Dans le contexte actuel de réforme de l’enseignement1

, le crédit pédagogique accordé à l’innovation est sans plafond : il s’impose comme une évidence aux enseignants, dans l’élaboration de leurs cours et dans leurs rapports d’activités pédagogiques, comme aux institutions quand elles s’adressent au public ou aux pouvoirs subsidiants. Y résister, ce serait à la fois aller à l’encontre de l’humanisme contemporain, centré sur la liberté créative de l’individu et son apport au bien commun ; contredire les sciences de l’apprentissage et ce que l’on sait des étudiants à la fois comme sujets actifs et, aujourd’hui, interactifs et connectés ; et substituer, enfin, une vision théorique ou dogmatique de l’activité d’enseignement à une rationalité pratique adaptée aux interactions réelles.

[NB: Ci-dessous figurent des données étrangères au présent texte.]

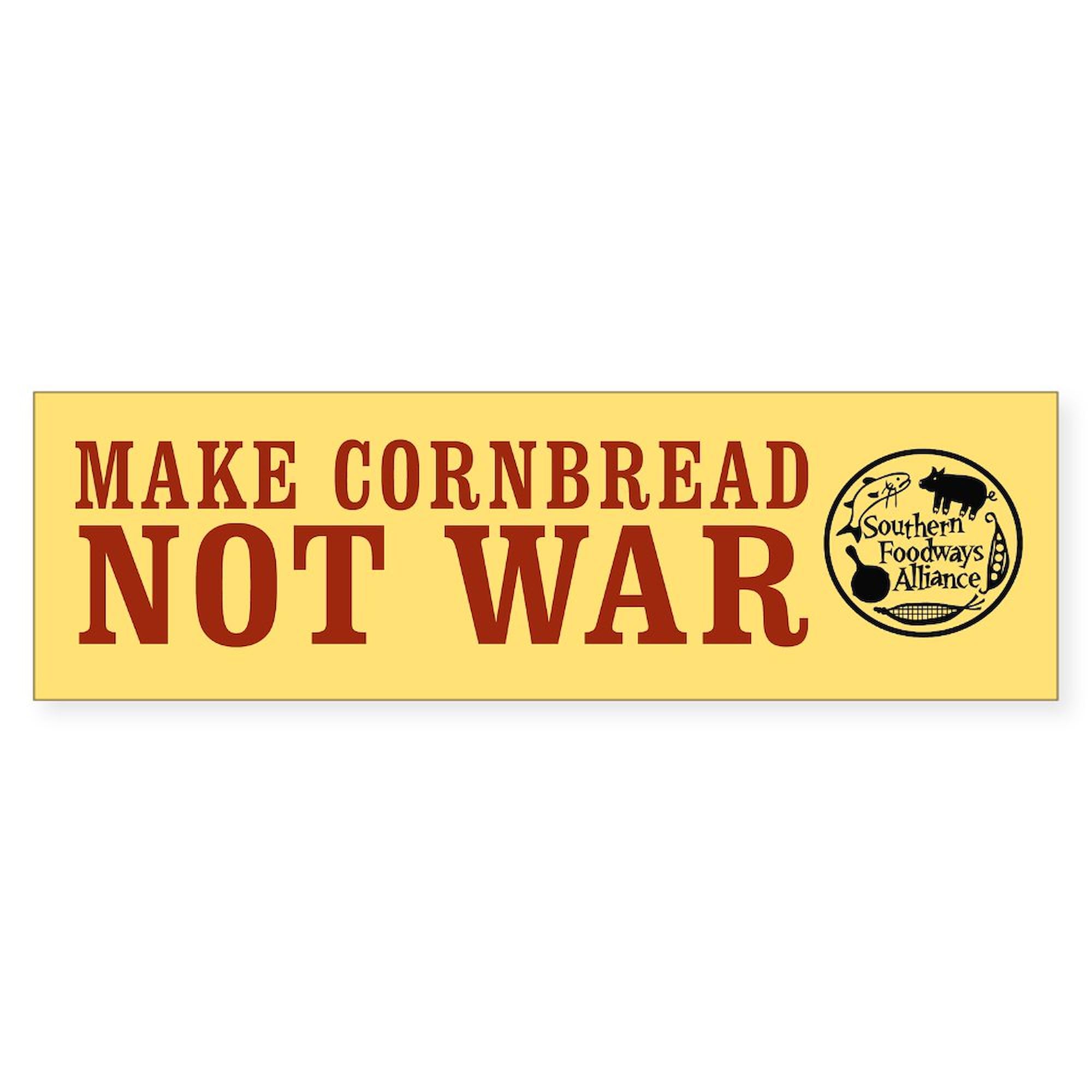 CafePress Cornbread Not War 10"x3" Rectangle Vinyl Bumper Sticker Car Decal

On doit pourtant se demander si cette triple évidence ne repose pas sur des réponses trop rapides à certaines questions fondamentales et complexes. Plusieurs de ces questions travaillent activement, aujourd’hui, l’interprétation de la fondation de la modernité et le rôle qu’y joua l’œuvre innovante de Machiavel. Il est intéressant

1 Cet article est rédigé dans le contexte de la mise en œuvre institutionnelle, en Haute Ecole de la Fédération Wallonie-Bruxelles en Belgique, du Décret définissant le paysage de l’enseignement supérieur et l’organisation académique des études (voté en novembre 2013).

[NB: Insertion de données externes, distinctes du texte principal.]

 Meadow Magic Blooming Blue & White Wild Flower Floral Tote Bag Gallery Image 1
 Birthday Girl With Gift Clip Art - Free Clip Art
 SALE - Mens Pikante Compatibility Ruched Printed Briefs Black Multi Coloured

d’appliquer ces mêmes questions à l’impératif contemporain d’innovation, à la fin peut-être de la modernité : il pourrait bien y avoir quelque chose de Machiavel dans l’autorité avec laquelle cet impératif s’impose aujourd’hui en pédagogie.

La présence de Machiavel dans l’impératif d’innovation ne tient pas principalement à l’exercice d’un pouvoir parfois brutal dans la mise en œuvre institutionnelle d’une réforme décidée par l’autorité politique. Certes, il arrive trop souvent, dans les dits “processus qualité” qui accompagnent une telle réforme, que toute interrogation critique des fondamentaux soit balayée d’emblée comme résistance au changement et réticence réfractaire. Bien plus profondément que cela, cependant, il pourrait bien y avoir quelque chose de Machiavel dans la rationalité

même que cet impératif d’innovation met en œuvre.

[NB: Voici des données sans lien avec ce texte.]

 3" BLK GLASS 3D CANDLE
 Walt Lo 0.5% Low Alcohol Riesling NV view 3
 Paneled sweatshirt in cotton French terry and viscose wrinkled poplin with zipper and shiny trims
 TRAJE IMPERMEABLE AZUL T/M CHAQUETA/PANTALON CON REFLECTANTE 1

Pour explorer ce qui se joue ainsi, nous formulerons ici trois des interrogations qui travaillent aujourd’hui l’interprétation de l’ouverture de la modernité dans ce “moment machiavélien” [Pokock, 1979], relatives à l’innovation apportée par Machiavel et dont nous sommes les héritiers : une question de philosophie politique (“Quel humanisme sert-elle ?”), une question d’épistémologie (“Quel savoir la fonde ?”) et enfin une question d’anthropologie (“Quelle raison pratique y est mise en œuvre ?”). À poser ces questions à l’impératif d’innovation, nous pourrions y gagner quelque lucidité quant à ce qui s’élabore, à la possible fin de la modernité, dans notre prolongement de son enseignement innovant.

II. LA QUESTION MACHIAVEL

Il est en effet frappant de constater que nous répétons volontiers certains des gestes par lesquels cet auteur rompait, il y a 500 ans, avec les mondes anciens. On sait que dans Le Prince il invitait à voir les choses politiques comme elles sont ou dans leur vérité effective (“verita effetuale”) : telles qu’elles sont, et non plus telles qu’elles devraient être selon une conception qui prétend détenir une connaissance supérieure aux faits et qui ne serait en fait rien d’autre qu’une imagination. C’est en cela d’ailleurs qu’il disait se démarquer de tous ses prédécesseurs et ainsi faire œuvre utile. Il annonçait également au début de ses Discours sur la première

Décade de Tite-Live, on le sait peut-être moins, découvrir par son œuvre des

« modes et ordres nouveaux » utiles à tous, et s’engager ainsi dans une voie encore fréquentée par personne. C’est là une entreprise, ajoutait-il, que la nature envieuse des hommes rend aussi périlleuse pour celui qui l’entreprend que “la recherche d’océans et de terres inconnus” [Machiavel, p.187 ; Lefort, 1992, p.141].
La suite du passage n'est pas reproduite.